FIG. 4 is an aberration diagram at the telephoto end.
(Example 2)
The overall specifications are shown below.

f = 8.14-22.93
F = 2.88-5.28
ω = 31.2 ° to 11.6 °
Table 5 shows the lens data.

  However, the first lens is a composite aspherical lens composed of a spherical translucent ceramic lens and an aspherical resin layer, the fifth lens is a spherical translucent ceramic lens, and the seventh lens is a plastic aspherical lens. It is.

  Table 6 shows the aspheric coefficients.

  Table 7 shows the variable lens intervals.

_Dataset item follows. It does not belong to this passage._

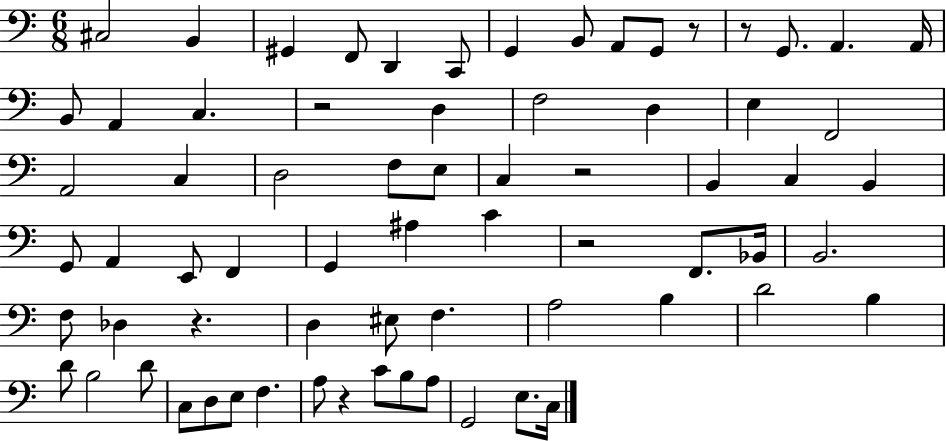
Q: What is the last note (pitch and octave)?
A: C3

  Table 8 shows the amount of focus movement due to the temperature change of the plastic lens.

  FIG. 5 is a lens configuration diagram at the wide-angle end.

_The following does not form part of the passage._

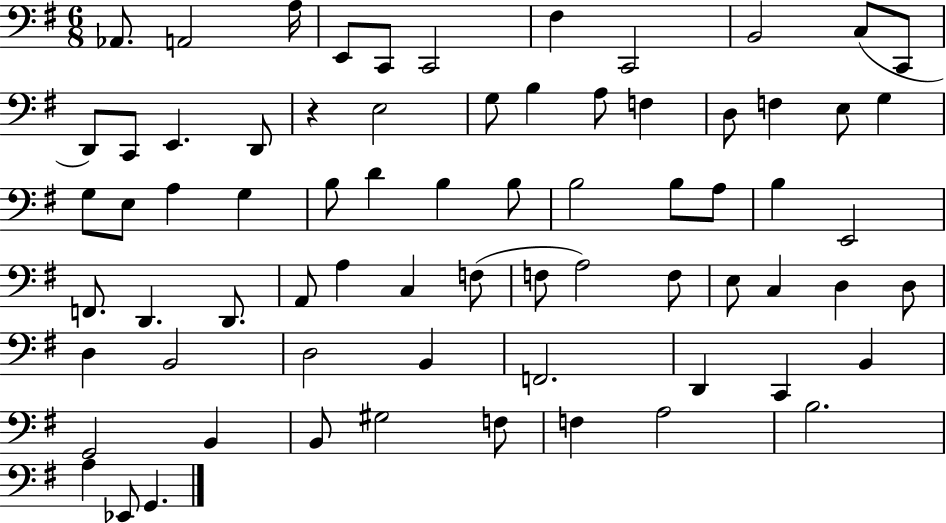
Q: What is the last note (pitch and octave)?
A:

  FIG. 6 is an aberration diagram at the wide-angle end.

  FIG. 7 is an aberration diagram at the intermediate focal length.

FIG. 8 is an aberration diagram at the telephoto end.
(Example 3)
The overall specifications are shown below.

f = 8.14-22.93
F = 2.88-5.28
ω = 31.2 ° to 11.6 °
Table 9 shows the lens data.

  However, the first lens is a composite aspherical lens composed of a spherical translucent ceramic lens and an aspherical resin layer, the fifth lens is a spherical translucent ceramic lens, and the seventh lens is a plastic aspherical lens. It is.

  Table 10 shows the aspheric coefficients.

  Table 11 shows variable lens intervals.

  Table 12 shows the amount of focus movement due to the temperature change of the plastic lens.

  FIG. 9 is a lens configuration diagram at the wide-angle end.

  FIG. 10 is an aberration diagram at the wide-angle end.

  FIG. 11 is an aberration diagram at the intermediate focal length.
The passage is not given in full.